# Wading the Green River



## cane2477

Hey guys, I'm planning my first trip to the Green River this Monday. From most pictures I have seen, Most people float the river. I plan on wade fishing. Is there a trial that runs along the river? How wadeable is the river with the flows expected to be around 1640cfs during the day? Should I fish the A or B section? Thanks for the help and I'll post some pics when I return!


----------



## Nueces

Quite a few people wade. At that release amount, the widest parts of the river could be still tough to handle.

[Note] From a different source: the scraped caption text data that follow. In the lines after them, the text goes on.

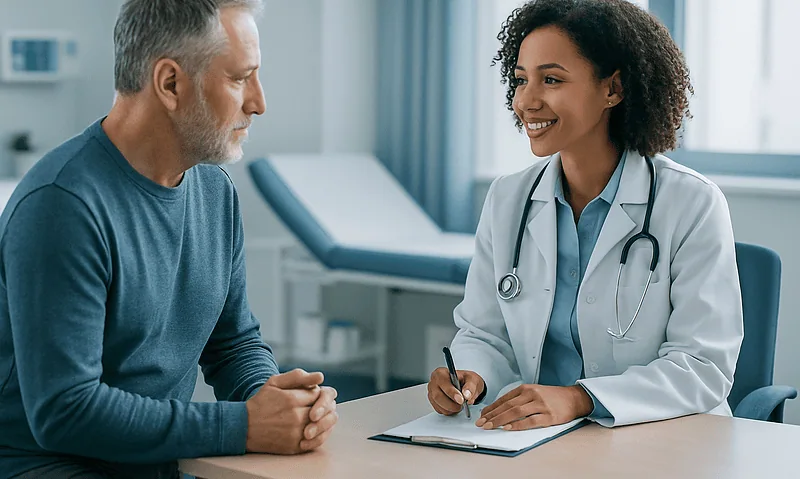 Doctor consulting with a male patient in a medical office.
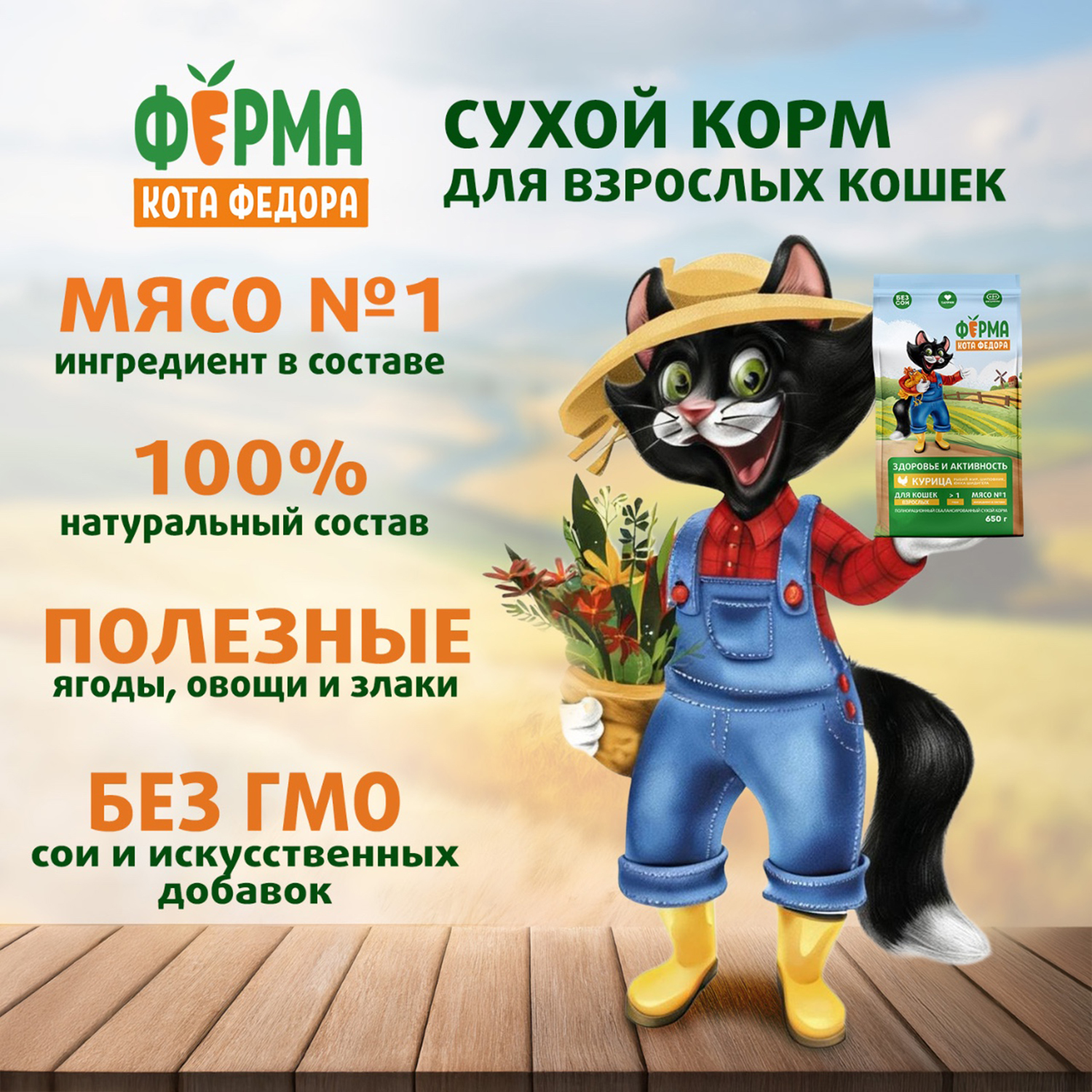 Сухой корм Ферма кота Федора для взрослых кошек с курицей 650 г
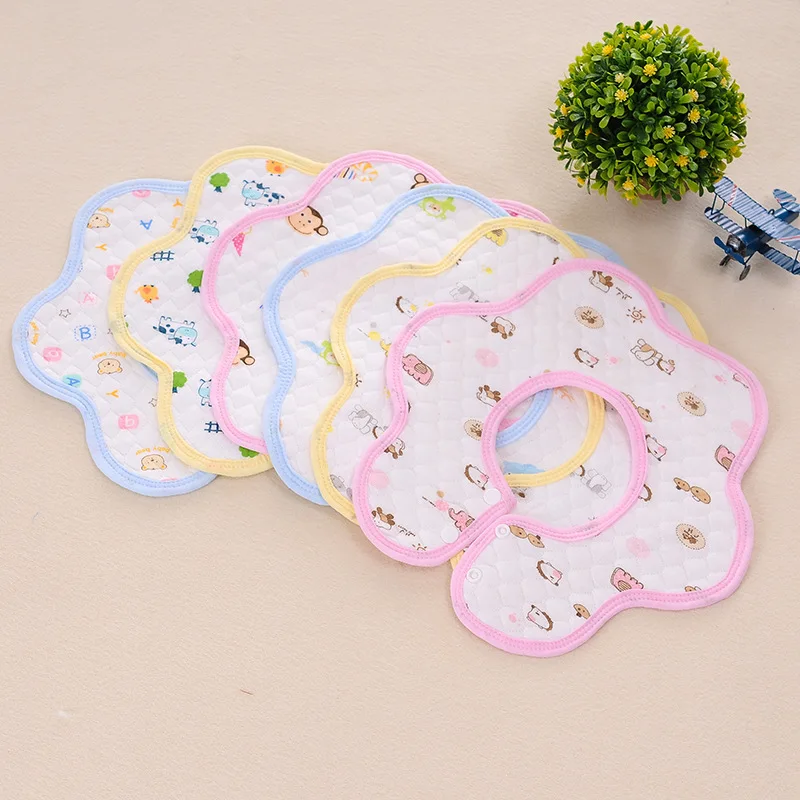 

NEW Baby Cartoon Print Infants Bibs Cloths Waterproof 360 Degrees Rotating Pure Cotton Soft Comfortable Burp Cloths For Newbron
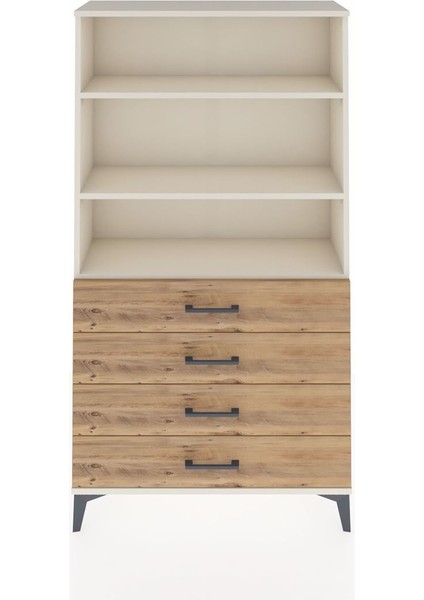 Arges Dolap 3 Raflı 4 Çekmeceli 88X30X163 Aytaşı-Çam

I don't think you can find a place to cross the river but you can get pretty far out.

There is a trail that goes from the dam in Section A down to the start of Section B at Little Hole. Mile markers are out every mile so you will have an idea where you are.

There is also a trail that goes down Section B but I have not been down very far in that direction.

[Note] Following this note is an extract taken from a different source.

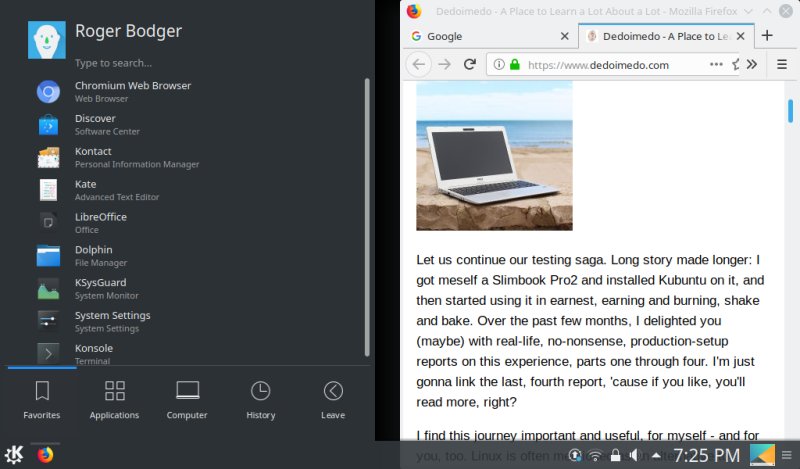 Plasma, apps running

You can still get out in the water and there are a lot of calm water sections. In the narrow portions the water is deep and fast.

Floating just lets you cast into the bank and cover a little more river. Wading will do just fine.

At the dam there are some restrooms and 3 sets down at Little Hole. There is also a set upstream from Little Hole about 1.5 miles up.

Good luck.


----------



## wyogoob

Wading the A section, about 7.5 miles, is OK. Most of the feeding fish are tight to the bank anyway. There are many places you can't back cast so practice up on your roll cast. Start early, the time goes by pretty fast. There is a bathroom on the last half of the river to Little Hole. There are a few places where you can cross the river.

The first 100 yards is very good for wader fishing. Many of the drift boats pass it by.
I would rather walk than float A, but most of my friends only walk at golf courses.

Walking the A section is all I want in one day. 

Last week it was hoppers or crickets. And we caught our biggest fish on a 1" x 1" piece of chamois that looked like a potato chip........it's a long story.

The B section has fewer fish but they are less wary than those in A. I havent fished it for years. I prefer to float B. 

Paying $35 to $45 for a shuttle might be cheaper than taking 2 vehicles. 

Gotagobak2wurk.


----------



## xarope8

The river is easily wadable. I think you will be suprised at how many people actually dont float it. I have never floated it. I have been going 2-3 times a year for the last 12-14 years. My father and I just head down to little hole and hit it right there. We really havent fished much more than a mile or so from there. At current flows it will be near impossible to cross. We always catch a ton of fish there. We always nymph and we kill em. I remember last summer I went two weekends in a row and must have caught over 125 fish. All of them right there at little hole. I love that river. The river and the scenery are all worth the trip. Have a great time and go get em!!


----------



## RnF

Wading yes, but trying to cross it at those levels isn't a good idea. It's tough to cross it when it's 800cfs. Just stay in your comfort zone and you should be fine.


----------



## wyogoob

RnF said:


> Wading yes, but trying to cross it at those levels isn't a good idea. It's tough to cross it when it's 800cfs. Just stay in your comfort zone and you should be fine.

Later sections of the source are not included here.